A good optometrist working with kids will use age-appropriate language to explain the various steps in the eye exam process, and this usually encompasses a brief overview of your child’s medical and vision history, a physical examination of the eyes and eyelids and a visual assessment of his or her clarity of vision. It is during this assessment that your daughter or son will be asked to view letters or images (though preschool-aged children may be asked to view several large capital Es that appear in different directions, with an eye doctor normally asking them to indicate, using their hands, which direction the arms of the Es point). If your daughter or son knows the letters of the alphabet, he or she will be asked to read the traditional Snellen eye chart.

To dilate your child’s pupils, an optometrist will use eye drops, as this helps the doctor study the retina (the light-sensing layer of cells that line the back of the eye), and although these drops aren’t designed to be uncomfortable or painful, they normally cause temporary blurry vision.

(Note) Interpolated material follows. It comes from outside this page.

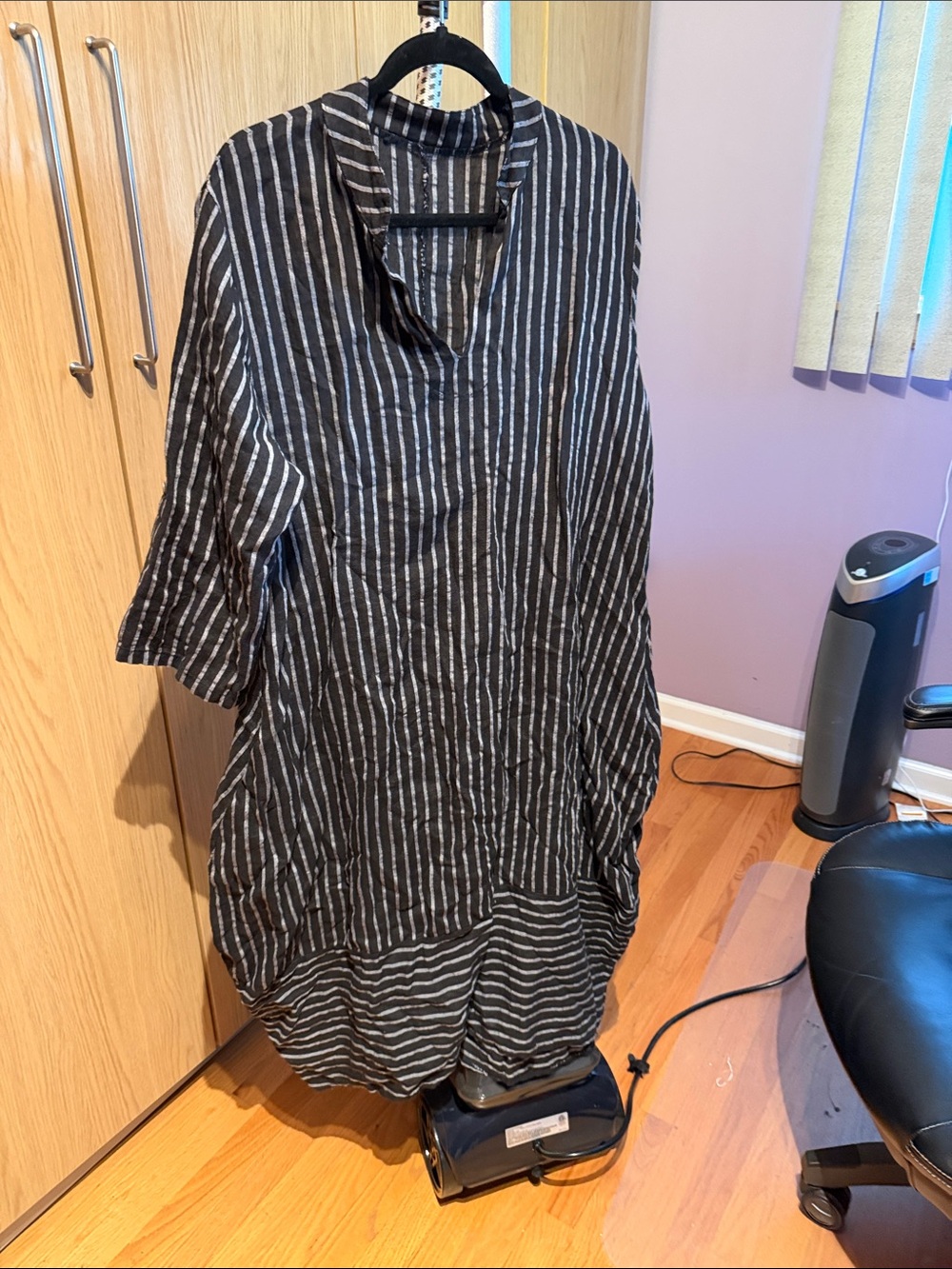 Italian 100% Linen Black & White Vertical Stripe Linen Tunic with Pockets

Be sure you’re also aware that the eye doctor will also look in your child’s eye using a small light during the exam.

Some other things you can expect at your child’s first optometry visit include:

  • Spending a little extra time in the waiting room completing paperwork; prepare for the wait by bringing a few toys or books from home to keep your little one(s) occupied.
  • Having to hold him or her in your lap if there is nervousness or anxiety when coming into the exam room.
  • Understanding that the American Optometric Association recommends that children visit the optometrist for the first time at six months old, followed by another visit at three, then bi-yearly visits from six to 18.